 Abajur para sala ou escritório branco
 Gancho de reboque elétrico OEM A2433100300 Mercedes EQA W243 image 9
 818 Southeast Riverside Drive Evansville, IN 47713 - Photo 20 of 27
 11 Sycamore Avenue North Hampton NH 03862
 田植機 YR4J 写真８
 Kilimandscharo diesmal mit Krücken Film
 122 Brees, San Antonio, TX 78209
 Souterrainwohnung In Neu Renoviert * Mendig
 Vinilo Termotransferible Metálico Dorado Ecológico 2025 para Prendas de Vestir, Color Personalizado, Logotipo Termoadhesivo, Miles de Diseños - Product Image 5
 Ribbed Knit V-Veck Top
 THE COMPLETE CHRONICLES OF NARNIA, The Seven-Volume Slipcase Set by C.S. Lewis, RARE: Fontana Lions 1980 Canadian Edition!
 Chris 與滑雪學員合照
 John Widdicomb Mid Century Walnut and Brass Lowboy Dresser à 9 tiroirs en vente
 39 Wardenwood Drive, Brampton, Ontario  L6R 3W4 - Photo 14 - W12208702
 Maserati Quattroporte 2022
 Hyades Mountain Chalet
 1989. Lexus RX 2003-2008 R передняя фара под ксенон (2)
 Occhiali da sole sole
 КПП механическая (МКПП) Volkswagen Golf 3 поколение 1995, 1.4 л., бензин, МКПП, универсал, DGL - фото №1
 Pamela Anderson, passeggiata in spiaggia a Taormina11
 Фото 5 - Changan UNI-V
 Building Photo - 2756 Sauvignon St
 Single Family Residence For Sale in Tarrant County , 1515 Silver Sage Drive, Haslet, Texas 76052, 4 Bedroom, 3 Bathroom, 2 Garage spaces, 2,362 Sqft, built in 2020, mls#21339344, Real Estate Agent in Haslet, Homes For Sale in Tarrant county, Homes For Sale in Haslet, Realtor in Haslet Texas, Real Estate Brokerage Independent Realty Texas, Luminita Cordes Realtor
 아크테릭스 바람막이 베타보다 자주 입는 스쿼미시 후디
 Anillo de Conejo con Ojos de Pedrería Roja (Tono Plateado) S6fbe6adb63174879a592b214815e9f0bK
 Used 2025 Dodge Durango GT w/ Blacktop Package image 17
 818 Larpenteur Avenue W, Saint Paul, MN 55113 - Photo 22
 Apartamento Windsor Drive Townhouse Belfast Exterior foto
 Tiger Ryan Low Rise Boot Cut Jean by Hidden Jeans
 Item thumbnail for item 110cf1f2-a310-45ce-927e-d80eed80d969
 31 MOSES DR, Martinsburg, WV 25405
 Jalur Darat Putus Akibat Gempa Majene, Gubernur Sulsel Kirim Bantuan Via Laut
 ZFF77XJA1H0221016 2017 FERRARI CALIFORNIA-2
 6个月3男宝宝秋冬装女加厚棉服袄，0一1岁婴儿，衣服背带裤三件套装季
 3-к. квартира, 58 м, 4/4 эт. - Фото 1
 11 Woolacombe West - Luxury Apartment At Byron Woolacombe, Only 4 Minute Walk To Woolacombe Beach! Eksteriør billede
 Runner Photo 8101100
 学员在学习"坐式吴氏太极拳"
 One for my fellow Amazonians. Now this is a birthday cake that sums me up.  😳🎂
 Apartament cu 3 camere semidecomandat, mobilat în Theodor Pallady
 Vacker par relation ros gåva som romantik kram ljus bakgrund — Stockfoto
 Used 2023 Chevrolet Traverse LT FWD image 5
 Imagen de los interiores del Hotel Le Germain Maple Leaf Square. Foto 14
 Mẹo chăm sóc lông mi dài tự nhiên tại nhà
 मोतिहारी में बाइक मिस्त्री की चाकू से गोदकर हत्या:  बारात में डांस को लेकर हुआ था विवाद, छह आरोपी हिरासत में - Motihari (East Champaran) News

■ ■ ■

__DIRECTIONS FOR THIS TASK__:
Write out exactly the lines from the line holding "Runner Photo 8101100" through the last line of the data, and nothing besides those lines.

__RESPONSE TO THIS TASK__:
 Runner Photo 8101100
 学员在学习"坐式吴氏太极拳"
 One for my fellow Amazonians. Now this is a birthday cake that sums me up.  😳🎂
 Apartament cu 3 camere semidecomandat, mobilat în Theodor Pallady
 Vacker par relation ros gåva som romantik kram ljus bakgrund — Stockfoto
 Used 2023 Chevrolet Traverse LT FWD image 5
 Imagen de los interiores del Hotel Le Germain Maple Leaf Square. Foto 14
 Mẹo chăm sóc lông mi dài tự nhiên tại nhà
 मोतिहारी में बाइक मिस्त्री की चाकू से गोदकर हत्या:  बारात में डांस को लेकर हुआ था विवाद, छह आरोपी हिरासत में - Motihari (East Champaran) News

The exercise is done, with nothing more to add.